ARRÊT DU TRIBUNAL (septième chambre)

24 avril 2024 (*)

« Marque de l’Union européenne – Demande de marque de l’Union européenne verbale TRUCKS YOU CAN TRUST – Motif absolu de refus – Absence de caractère distinctif – Article 7, paragraphe 1, sous b), du règlement (UE) 2017/1001 »

Dans l’affaire T‑548/23,

Daimler Truck AG, établie à Leinfelden-Echterdingen (Allemagne), représentée par Me P. Kohl, avocat,

partie requérante,

contre

Office de l’Union européenne pour la propriété intellectuelle (EUIPO), représenté par M. T. Klee, en qualité d’agent,

partie défenderesse,

LE TRIBUNAL (septième chambre),

composé de Mme K. Kowalik‑Bańczyk, présidente, M. G. Hesse et Mme B. Ricziová (rapporteure), juges,

greffier : M. V. Di Bucci,

vu la phase écrite de la procédure,

vu l’absence de demande de fixation d’une audience présentée par les parties dans le délai de trois semaines à compter de la signification de la clôture de la phase écrite de la procédure et ayant décidé, en application de l’article 106, paragraphe 3, du règlement de procédure du Tribunal, de statuer sans phase orale de la procédure,

rend le présent

Arrêt

1        Par son recours fondé sur l’article 263 TFUE, la requérante, Daimler Truck AG, demande l’annulation de la décision de la deuxième chambre de recours de l’Office de l’Union européenne pour la propriété intellectuelle (EUIPO) du 12 juin 2023 (affaire R 484/2023-2) (ci-après la « décision attaquée »).

 Antécédents du litige

2        Le 3 juin 2022, la requérante a présenté à l’EUIPO une demande d’enregistrement de marque de l’Union européenne pour le signe verbal TRUCKS YOU CAN TRUST.

3        La marque demandée désignait les produits et les services relevant des classes 12, 14, 16, 18, 25, 28, 36, 37 et 41 au sens de l’arrangement de Nice concernant la classification internationale des produits et des services aux fins de l’enregistrement des marques, du 15 juin 1957, tel que révisé et modifié.

4        Par décision du 9 janvier 2023, l’examinateur a rejeté, en tant que la marque demandée visait tout ou partie des produits et des services compris dans les classes 12, 28, 36 et 37, la demande d’enregistrement de ladite marque, sur le fondement de l’article 7, paragraphe 1, sous b), du règlement (UE) 2017/1001 du Parlement européen et du Conseil, du 14 juin 2017, sur la marque de l’Union européenne (JO 2017, L 154, p. 1), lu conjointement avec l’article 7, paragraphe 2, de ce même règlement.

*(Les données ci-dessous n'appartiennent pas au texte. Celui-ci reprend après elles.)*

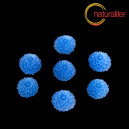 Kytička - kabo&scaron;on z pryskyřice 10mm, modr&aacute;, 10ks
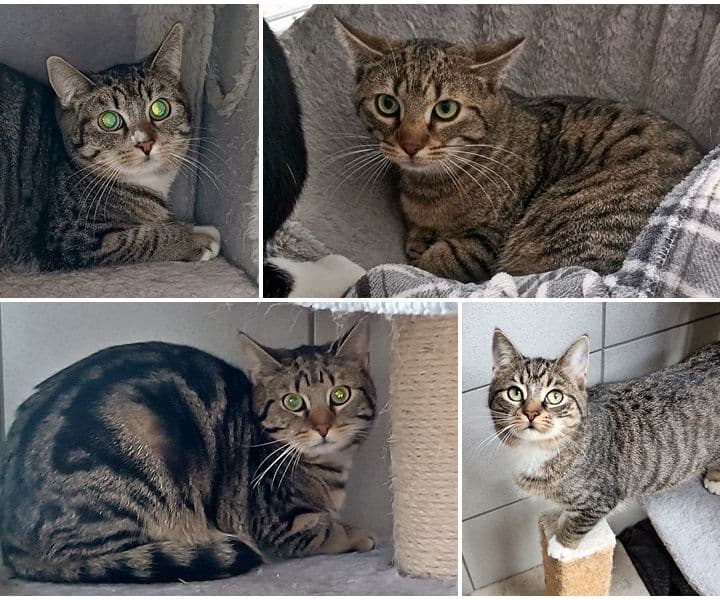 Wir haben momentan viele Tigerkatzen (und andere), die ein Zuhause suchen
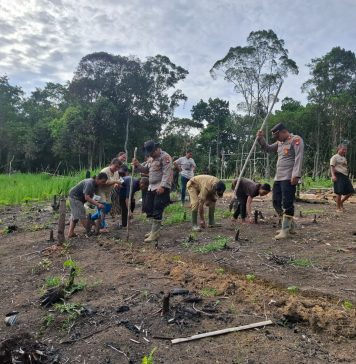 Polsek Kuala Behe Dukung Ketahanan Pangan Lewat Penanaman Jagung Hibrida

Ainsi, la demande d’enregistrement était rejetée pour les produits et les services suivants :

–        classe 12 : « Véhicules automobiles et leurs pièces (compris dans la classe 12), accessoires de véhicules automobiles (compris dans la classe 12) » ;

–        classe 28 : « Jeux ; jouets ; modèles réduits de véhicules ; jeux de cartes » ;

–        classe 36 : « Crédit-bail et financement de véhicules automobiles » ;

–        classe 37 : « Réparation et entretien de véhicules automobiles ».

5        Le 3 mars 2023, la requérante a formé un recours auprès de l’EUIPO contre la décision de l’examinateur dans la mesure où la demande d’enregistrement a été refusée pour les produits et les services visés au point 4 ci-dessus (ci-après « les produits et les services en cause »).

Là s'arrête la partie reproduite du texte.